“Beyond all question Sargent is the most conspicuous of living portrait painters. Before his eyes pass in continuous procession the world of art, science, and letters, the world financial, diplomatic, or military, and the world frankly social. To-day comes a savant, a captain of industry, or a slender, troubled child. Tomorrow it will be an insinuating Semetic Plutus; next week may bring some fresh-tinted Diana, radiant with vernal bloom. Everyone from poet to general, from duchess to dark-eyed dancer, finds place in this shifting throng....

“With the entrance of Sargent into the arena of art cherished conventions disappear in sorry discomfiture. With a dignity and a technical mastery which compel both respect and enthusiasm he tramples upon tradition whenever tradition stands in his way. It is useless to scan these canvases in the hope of finding various qualities which for centuries have been deemed the touchstone of portraiture. Contemplation and reflection are by no means the rule. That adjustment of diverse elements which makes for balanced composition is often lacking. That endearing love of tone for its own sake is frequently absent. The vigorous outline of Holbein, the rich sobriety of Titian, or the permeating magic of Leonardo find but faint echo in the work of this modern innovator. With almost disdainful independence he has declined to repeat the triumphs of the great forerunners. In place of their ideals he has substituted ideals which are resolutely his own. However you may regard his contribution, it is impossible not to recognize its insistent novelty. Once in possession of the underlying facts, there should be no trouble in reading aright the salient, positive art, this art which by turns persuades and repels. Yet one cannot divine just why these high-bred women are so animated, or why the soldiers and statesmen are so emphatic, without first peering beneath the exterior. Though Sargent may himself remain dexterously on the surface, the spectator cannot. It is not enough to watch this conjurer perform his trick; we must see how it is accomplished.

“So dazzled has the majority been by what is called the man’s cosmopolitanism that the real racial basis of his nature has been over-looked.... Sargent is American in his fundamental instincts. His adaptability and his very lack of marked bias bespeak the native complexity of his origin. It cannot for a moment be maintained that the French paint themselves as Sargent paints them, or the English either. His art is neither Gallic nor British, it is American, and the chief reason why it is so different from most Anglo-Saxon art is because it is so superior, not because it is unAmerican. In any case the sense of motion remains Sargent’s personal conquest, possibly, even, his chief contribution to portraiture.

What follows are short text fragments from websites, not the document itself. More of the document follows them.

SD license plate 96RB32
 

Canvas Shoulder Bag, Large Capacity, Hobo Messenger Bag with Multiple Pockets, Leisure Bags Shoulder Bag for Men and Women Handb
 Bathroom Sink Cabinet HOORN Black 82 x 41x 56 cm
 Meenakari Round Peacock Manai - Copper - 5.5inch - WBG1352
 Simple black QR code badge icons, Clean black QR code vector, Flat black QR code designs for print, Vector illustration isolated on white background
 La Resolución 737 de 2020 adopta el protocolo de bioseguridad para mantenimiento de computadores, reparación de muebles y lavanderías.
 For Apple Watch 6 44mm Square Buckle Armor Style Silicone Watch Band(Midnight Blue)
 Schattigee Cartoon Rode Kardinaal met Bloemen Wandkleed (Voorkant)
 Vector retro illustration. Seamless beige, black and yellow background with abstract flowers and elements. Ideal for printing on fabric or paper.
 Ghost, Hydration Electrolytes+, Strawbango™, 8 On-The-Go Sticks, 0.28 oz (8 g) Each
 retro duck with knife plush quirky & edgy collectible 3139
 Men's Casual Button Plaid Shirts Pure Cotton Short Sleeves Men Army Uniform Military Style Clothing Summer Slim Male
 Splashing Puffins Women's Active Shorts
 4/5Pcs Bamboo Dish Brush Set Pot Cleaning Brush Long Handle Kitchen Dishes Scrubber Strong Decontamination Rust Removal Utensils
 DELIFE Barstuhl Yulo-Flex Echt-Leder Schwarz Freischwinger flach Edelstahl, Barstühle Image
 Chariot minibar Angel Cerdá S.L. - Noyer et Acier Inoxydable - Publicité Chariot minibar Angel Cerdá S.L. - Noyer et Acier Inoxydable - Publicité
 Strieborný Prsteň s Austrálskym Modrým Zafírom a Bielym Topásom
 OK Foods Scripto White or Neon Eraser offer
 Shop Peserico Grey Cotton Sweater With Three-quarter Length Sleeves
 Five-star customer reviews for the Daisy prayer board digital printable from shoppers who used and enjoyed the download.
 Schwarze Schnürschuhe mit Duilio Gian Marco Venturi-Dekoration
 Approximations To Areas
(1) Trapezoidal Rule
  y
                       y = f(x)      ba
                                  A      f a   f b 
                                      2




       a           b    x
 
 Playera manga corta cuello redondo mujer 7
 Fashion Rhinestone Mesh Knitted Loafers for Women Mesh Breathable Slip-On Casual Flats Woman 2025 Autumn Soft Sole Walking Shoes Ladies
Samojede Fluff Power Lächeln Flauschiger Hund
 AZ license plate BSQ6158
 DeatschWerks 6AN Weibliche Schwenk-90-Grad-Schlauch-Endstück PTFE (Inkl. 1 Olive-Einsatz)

“In Sargent’s portraits women are in the act of starting from their chairs and men are on the very point of speaking. Here is a dancer whose yellow skirt still swirls in elastic convolutions; there stands a painter lunging at the canvas with sensitively poised brush. All is restless, vivid, spontaneous. One and all these creatures vibrate with the nervous tension of the age. Other artists have given calm, or momentarily arrested motion. Sargent gives motion itself. With a technique facile as it is assertive this magician of the palette, this paganini of portraiture, has lured us into a new world, a world which we ourselves know well—perhaps too well—but a world hitherto undiscovered by painting.”

Art and Common Sense

By Royal Cortizzoz

Courtesy of Scribner & Son, 1913

“Sargent studying under the wing of Carolus-Duran, was in an atmosphere sympathetic to new ideas, but not at all inhospitable to old ones. While he emerged from his master’s studio a modern in the best sense of the term, it was with a vein of conservatism in him which has never disappeared. Of how many modern painters, endowed, as he has been, superabundant technical brilliance, could it be said that they have never exceeded a certain limit of audacity? I know of no canvas of his which could fairly be called sensational. One of the least conventional of painters, his art nevertheless remains adjusted to the tone and movement of the world in which he lives—surely a fine example of genius expressing its age.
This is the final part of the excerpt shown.